Why Rivian stock is surging
Paul L.
Stocks

The share price of electric vehicle startup Rivian (NASDAQ: RIVN) is showing strength as investors react positively to news of a significant investment in the struggling firm.

Although RIVN ended the last trading session down 4% with a valuation of $10.58, the stock was up over 11% during the pre-market session on November 13.

The stock has struggled throughout 2024 amid rising competition and a slowdown in EV market demand, leading Rivian to plunge by almost 50% year-to-date.

Rivian one-day stock price chart. Source: Google Finance

Why Rivian stock is surging 

The current recovery coincides with news that German automaker Volkswagen Group has increased its planned investment in Rivian to $5.8 billion and unveiled a new joint venture.

According to Rivian, the joint venture, dubbed Rivian and VW Group Technology, will start on November 13. Volkswagen plans to invest up to $5.8 billion in Rivian and the joint venture by 2027.

The new partnership seeks to offer both companies next-generation electrical architecture and software technology.

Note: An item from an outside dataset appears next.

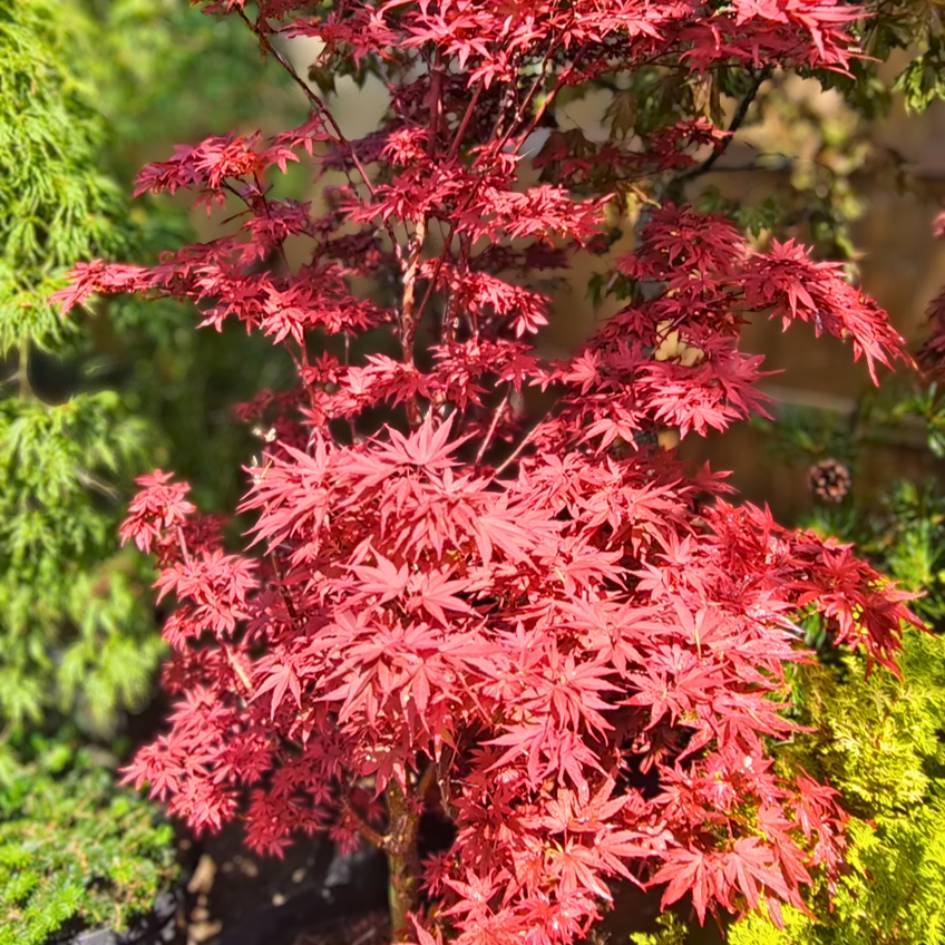 Acer palmatum ‘Pixie’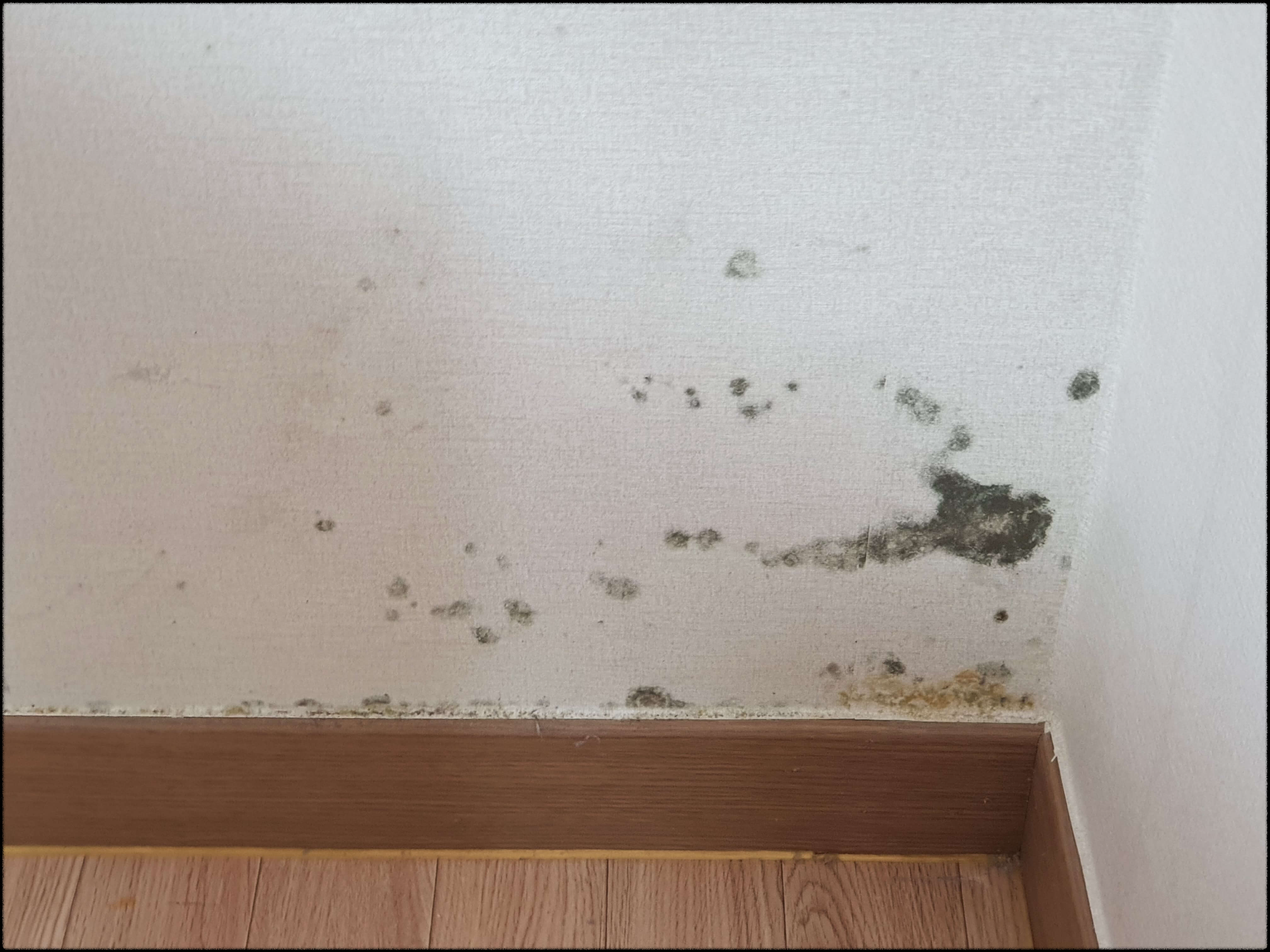 방 벽면에 발생한 곰팡이 사례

Before this latest development, the two automakers revealed their partnership in June. Volkswagen was initially expected to invest $5 billion in Rivian.

This deal will likely benefit Rivian, which has been on a loss-making streak in recent quarters. Specifically, Rivian’s Chief Software Officer, Wassym Bensaid, noted that through the partnership, the EV maker could achieve cost savings through economies of scale provided by Volkswagen, a larger player in the auto world.

Analysts’ take on Rivian stock

Following developments around the Volkswagen deal, Stifel analyst Stephen Gengaro projected potential upside for the equity, setting a ‘Buy’ rating with an $18 price target.

“We believe the Joint Venture (expected to close by year-end) with Volkswagen, especially given it being a globally renowned brand, provides Rivian a substantial platform to showcase its technology leadership, opening the door for potential opportunities for Rivian to be a technology partner with other OEMs,” Gengaro said. 

The joint venture with Volkswagen comes at an opportune time, considering that other Wall Street analysts had turned bearish on the equity following Donald Trump’s re-election. 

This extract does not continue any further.